Exercise materials
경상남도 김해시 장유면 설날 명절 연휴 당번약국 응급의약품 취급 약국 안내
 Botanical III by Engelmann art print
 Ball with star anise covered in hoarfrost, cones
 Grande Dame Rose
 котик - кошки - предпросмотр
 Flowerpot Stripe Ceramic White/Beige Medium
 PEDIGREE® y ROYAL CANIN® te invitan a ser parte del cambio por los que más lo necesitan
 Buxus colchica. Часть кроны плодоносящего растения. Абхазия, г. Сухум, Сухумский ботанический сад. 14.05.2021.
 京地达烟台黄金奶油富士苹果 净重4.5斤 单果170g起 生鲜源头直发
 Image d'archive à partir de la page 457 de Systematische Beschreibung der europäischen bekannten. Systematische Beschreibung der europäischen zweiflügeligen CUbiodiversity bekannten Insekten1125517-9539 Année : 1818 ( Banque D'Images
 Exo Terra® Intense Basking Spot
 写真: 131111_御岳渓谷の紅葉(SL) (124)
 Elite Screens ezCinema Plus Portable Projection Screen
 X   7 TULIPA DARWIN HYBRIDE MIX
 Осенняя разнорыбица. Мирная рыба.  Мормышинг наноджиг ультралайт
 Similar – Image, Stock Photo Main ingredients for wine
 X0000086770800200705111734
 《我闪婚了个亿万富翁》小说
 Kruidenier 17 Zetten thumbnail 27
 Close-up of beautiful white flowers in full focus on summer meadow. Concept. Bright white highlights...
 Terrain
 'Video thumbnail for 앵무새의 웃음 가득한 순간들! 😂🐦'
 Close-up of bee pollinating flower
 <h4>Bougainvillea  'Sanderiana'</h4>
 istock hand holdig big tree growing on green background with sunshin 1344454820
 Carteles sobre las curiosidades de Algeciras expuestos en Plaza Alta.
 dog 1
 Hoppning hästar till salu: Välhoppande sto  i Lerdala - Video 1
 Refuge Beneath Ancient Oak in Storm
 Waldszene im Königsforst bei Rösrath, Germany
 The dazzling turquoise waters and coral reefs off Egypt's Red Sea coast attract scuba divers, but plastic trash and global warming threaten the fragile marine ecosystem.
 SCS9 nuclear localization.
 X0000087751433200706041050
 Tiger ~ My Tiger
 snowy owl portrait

Task requirements
Take the lines from the first line of the records through the line holding "Flowerpot Stripe Ceramic White/Beige Medium", both included, and please reproduce them exactly with nothing added.

Solved problem
경상남도 김해시 장유면 설날 명절 연휴 당번약국 응급의약품 취급 약국 안내
 Botanical III by Engelmann art print
 Ball with star anise covered in hoarfrost, cones
 Grande Dame Rose
 котик - кошки - предпросмотр
 Flowerpot Stripe Ceramic White/Beige Medium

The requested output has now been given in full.